- [ASSIGNMENT] Only the lines below from the one containing "Lucky Clover Necklace" through the one containing "2020 Is A Problem" belong in the answer, set down exactly, with the pictures left out.

*** Begin section ***

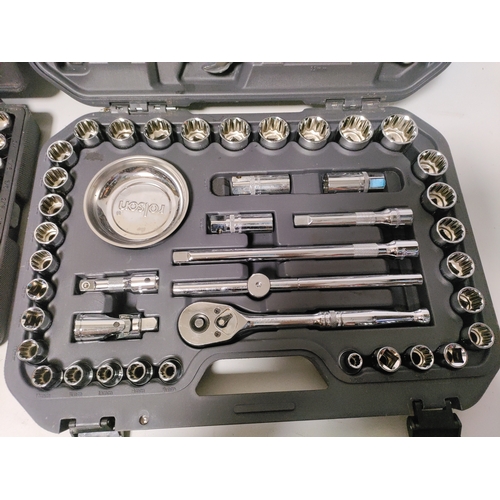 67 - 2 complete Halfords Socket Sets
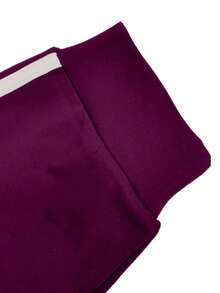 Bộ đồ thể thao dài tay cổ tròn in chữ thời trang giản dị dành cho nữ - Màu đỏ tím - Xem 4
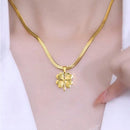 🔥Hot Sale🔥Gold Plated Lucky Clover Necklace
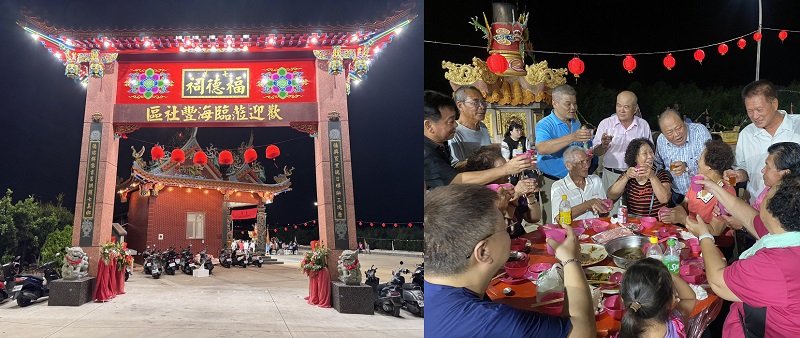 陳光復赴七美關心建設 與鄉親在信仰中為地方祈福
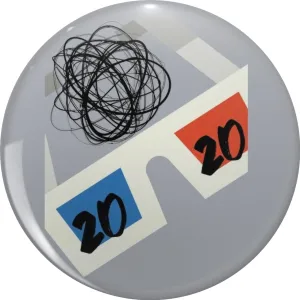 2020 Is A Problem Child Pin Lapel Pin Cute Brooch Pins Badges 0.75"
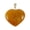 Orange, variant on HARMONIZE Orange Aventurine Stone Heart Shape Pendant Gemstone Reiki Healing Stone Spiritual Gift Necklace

*** End section ***

- [ANSWER FOR THIS EXERCISE]
 🔥Hot Sale🔥Gold Plated Lucky Clover Necklace
 陳光復赴七美關心建設 與鄉親在信仰中為地方祈福
 2020 Is A Problem Child Pin Lapel Pin Cute Brooch Pins Badges 0.75"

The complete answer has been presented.